[Items from a data source]
>>>

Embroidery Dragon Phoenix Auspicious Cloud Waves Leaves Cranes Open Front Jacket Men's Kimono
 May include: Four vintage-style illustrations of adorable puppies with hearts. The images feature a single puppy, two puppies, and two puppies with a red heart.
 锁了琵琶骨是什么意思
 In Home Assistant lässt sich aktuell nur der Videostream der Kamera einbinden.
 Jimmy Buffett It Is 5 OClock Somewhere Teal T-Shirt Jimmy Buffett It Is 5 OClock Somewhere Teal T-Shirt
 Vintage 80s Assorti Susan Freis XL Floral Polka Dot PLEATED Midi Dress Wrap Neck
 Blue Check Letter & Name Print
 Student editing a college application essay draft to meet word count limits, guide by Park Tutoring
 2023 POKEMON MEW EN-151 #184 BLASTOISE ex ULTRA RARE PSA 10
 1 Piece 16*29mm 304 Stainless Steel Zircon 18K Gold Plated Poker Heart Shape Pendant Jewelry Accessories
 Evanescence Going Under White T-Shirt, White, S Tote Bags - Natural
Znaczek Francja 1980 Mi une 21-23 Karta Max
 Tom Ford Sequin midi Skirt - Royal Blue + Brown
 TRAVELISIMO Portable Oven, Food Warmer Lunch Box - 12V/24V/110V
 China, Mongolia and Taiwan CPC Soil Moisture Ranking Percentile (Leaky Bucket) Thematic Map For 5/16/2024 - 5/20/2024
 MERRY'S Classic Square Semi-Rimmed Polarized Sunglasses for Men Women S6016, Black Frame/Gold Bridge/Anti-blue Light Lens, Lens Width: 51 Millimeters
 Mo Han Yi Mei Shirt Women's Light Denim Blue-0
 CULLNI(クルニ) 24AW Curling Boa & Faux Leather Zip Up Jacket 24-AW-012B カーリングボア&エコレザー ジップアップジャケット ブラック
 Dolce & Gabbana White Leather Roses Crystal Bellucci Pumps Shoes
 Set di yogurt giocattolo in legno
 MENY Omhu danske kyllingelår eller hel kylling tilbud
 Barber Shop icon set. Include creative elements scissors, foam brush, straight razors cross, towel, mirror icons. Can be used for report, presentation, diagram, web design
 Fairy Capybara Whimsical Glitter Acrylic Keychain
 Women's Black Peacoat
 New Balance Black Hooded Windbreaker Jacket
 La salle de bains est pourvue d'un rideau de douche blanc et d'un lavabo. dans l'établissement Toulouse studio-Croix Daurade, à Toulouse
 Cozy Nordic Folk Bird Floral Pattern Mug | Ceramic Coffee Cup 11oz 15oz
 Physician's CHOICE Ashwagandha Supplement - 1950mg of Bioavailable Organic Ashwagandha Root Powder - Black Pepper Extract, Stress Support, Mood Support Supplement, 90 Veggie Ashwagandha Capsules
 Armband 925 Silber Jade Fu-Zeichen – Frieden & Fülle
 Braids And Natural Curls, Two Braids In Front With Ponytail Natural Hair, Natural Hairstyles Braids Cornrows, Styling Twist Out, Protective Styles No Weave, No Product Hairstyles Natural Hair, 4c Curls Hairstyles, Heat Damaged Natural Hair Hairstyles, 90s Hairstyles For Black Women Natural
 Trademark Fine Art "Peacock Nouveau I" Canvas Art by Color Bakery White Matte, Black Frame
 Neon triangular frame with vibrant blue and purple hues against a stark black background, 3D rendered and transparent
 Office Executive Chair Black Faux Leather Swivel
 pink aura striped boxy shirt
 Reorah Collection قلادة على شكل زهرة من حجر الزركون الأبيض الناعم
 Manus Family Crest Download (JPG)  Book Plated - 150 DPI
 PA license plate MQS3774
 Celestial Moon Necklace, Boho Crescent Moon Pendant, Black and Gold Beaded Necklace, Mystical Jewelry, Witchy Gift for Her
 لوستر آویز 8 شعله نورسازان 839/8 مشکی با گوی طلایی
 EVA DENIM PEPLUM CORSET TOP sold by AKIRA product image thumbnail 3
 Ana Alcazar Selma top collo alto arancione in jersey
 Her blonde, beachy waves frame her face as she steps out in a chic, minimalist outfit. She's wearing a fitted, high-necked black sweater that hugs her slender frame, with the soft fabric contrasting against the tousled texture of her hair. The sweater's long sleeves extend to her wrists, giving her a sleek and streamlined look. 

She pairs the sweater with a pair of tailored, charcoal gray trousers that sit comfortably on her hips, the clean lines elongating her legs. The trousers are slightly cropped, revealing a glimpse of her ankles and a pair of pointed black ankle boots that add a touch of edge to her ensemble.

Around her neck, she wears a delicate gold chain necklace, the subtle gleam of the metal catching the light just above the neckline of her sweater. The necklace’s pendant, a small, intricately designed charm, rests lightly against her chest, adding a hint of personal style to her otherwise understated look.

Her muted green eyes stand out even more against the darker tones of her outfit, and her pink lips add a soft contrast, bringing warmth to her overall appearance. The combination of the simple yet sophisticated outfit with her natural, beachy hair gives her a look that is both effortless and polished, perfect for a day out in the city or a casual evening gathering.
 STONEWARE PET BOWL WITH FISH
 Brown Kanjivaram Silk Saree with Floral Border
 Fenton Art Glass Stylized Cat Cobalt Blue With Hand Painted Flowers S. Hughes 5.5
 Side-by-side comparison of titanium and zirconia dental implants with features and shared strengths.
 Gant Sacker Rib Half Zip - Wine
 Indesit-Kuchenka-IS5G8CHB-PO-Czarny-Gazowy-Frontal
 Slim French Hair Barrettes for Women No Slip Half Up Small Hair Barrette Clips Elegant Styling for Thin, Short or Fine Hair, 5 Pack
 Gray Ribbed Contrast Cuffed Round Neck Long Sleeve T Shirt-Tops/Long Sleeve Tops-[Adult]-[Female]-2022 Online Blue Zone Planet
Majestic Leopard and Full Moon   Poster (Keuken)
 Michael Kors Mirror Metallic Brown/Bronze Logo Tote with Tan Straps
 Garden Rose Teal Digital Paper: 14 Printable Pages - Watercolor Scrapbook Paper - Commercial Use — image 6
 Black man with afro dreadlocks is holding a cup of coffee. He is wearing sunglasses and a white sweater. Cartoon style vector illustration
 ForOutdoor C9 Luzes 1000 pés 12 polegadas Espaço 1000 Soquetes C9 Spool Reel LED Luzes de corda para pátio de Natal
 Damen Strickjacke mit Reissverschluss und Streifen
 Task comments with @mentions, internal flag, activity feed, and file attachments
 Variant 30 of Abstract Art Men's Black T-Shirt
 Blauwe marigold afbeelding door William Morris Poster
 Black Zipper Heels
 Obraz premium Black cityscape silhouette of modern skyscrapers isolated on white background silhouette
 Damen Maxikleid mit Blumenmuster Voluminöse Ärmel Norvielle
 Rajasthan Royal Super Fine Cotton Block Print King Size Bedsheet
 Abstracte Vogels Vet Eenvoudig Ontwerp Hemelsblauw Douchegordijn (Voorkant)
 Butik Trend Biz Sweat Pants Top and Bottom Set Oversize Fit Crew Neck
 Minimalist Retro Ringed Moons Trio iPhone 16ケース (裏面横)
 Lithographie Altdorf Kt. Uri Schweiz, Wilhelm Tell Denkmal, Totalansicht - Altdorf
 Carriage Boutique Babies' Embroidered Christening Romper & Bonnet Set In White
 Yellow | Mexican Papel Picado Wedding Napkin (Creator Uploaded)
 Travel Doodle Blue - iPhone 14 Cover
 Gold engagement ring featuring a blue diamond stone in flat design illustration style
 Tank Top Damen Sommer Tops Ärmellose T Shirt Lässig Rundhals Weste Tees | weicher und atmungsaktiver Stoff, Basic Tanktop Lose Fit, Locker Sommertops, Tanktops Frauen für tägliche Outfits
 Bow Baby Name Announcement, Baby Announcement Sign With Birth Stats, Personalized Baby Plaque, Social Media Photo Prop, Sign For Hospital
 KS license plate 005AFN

<<<

- **WHAT IS EXPECTED**: Every line in the records that holds the word "Half" should be copied into the answer.

- **THE ANSWER**:
 Gant Sacker Rib Half Zip - Wine
 Slim French Hair Barrettes for Women No Slip Half Up Small Hair Barrette Clips Elegant Styling for Thin, Short or Fine Hair, 5 Pack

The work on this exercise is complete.